Scientists find a way to capture CO2 emitted by industries
TIFR scientists have designed and developed a material that uses fibrous nanosilica (KCC-1) – that can absorb and capture carbon dioxide gas released by industries more efficiently than materials available at presentmumbai Updated: May 12, 2016 00:58 IST
Efforts to reduce carbon dioxide (CO2) emissions is at the forefront of research across the world.
Now, scientists at the Tata Institute of Fundamental Research (TIFR), Mumbai, have designed and developed a material that uses fibrous nanosilica (KCC-1) – that can absorb and capture carbon dioxide gas released by industries more efficiently than materials available at present. Carbon dioxide comprises about 12% to 15% of all gases emitted by the industries.
“Climate change owing to excessive CO2 levels is one of the most serious problems mankind has ever faced. This has resulted in abrupt weather patterns such as flood and drought, which are extremely disruptive and detrimental to life, as we have been witnessing in India in the recent years,” said Vivek Polshettiwar, department of chemical sciences and lead scientist, TIFR.
“Some developed countries have started taxing carbon to industries, but that’s not the case so far with India. Therefore, CO2 capture is one of the best solutions to mitigate the rising levels of CO2,” added Polshettiwar.
Their work was recently published in the Journal of Material Chemistry A of the Royal Society of Chemistry.
At present, materials using mesoporous silica supports ((SBA-15 or MCM-41) can absorb carbon dioxide. But their textural properties – surface area and pore volume – serve as a disadvantage thereby reducing their capacity to capture carbon dioxide. According to the two-member that includes Baljeet Singh, researchers, the ‘functionalised’ nanosilica has the ability to take on other conventional materials with minimal decrease in surface area.

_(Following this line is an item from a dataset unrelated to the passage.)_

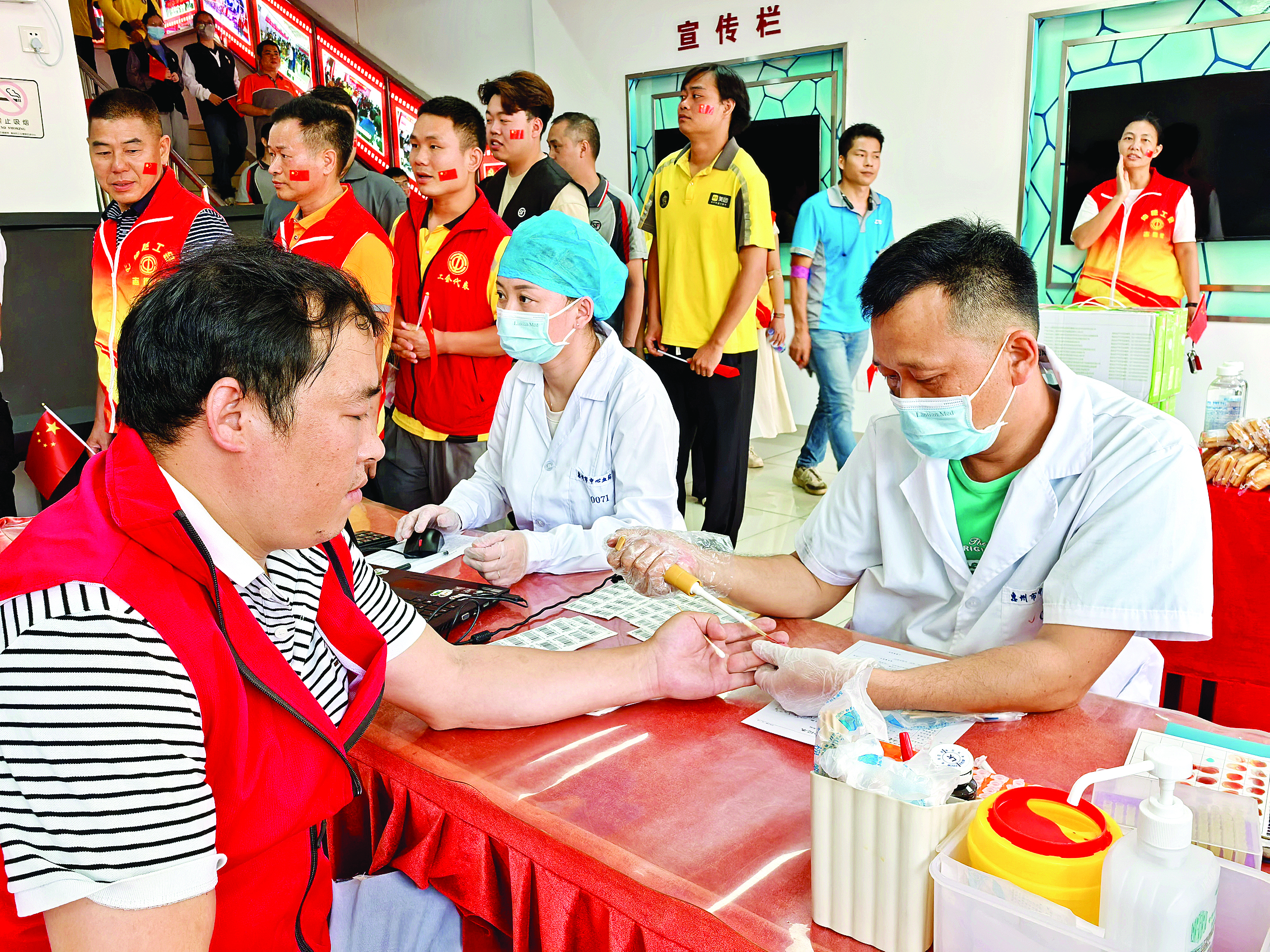     新业态劳动者积极参与无偿献血。惠州日报记者钟玮 摄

Under various conditions, when carbon dioxide passed through the filter made of nanosilica (KCC-1) – similar to a water filter that removes impurities – the material was found to be superior to MCM-41 in terms of textural stability, CO2 capture capacity, rate of adsorption and thermal stability.
While (KCC-1) captured 17.0% carbon dioxide in 5.3 minutes, MCM-41 captured 14.9% of the pollutant in 12.6 minutes – both at a temperature of 75 degree Celsius.

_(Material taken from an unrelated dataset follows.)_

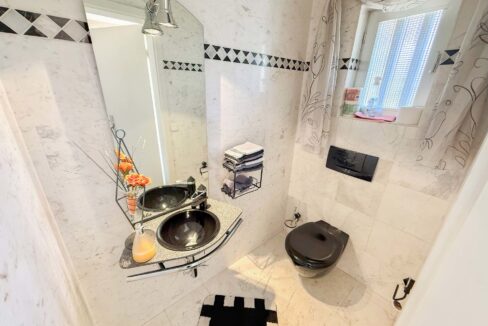 Gäste-Toilette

In addition, recyclability of the newly developed material showed no reduction in CO2 capture capacity even after 21 cycles, whereas MCM-41 based sorbent capture capacity substantially decreased to 11%.
“Our fibrous nanosilica should be a good candidate for use as a support to design efficient CO2 sorbents that would allow better capture capacity, kinetics and recyclability”, said Singh. “A unique feature of KCC-1 is its high surface area which originates from its fibrous morphology unlike in other well studied materials that have mesoporous channels.”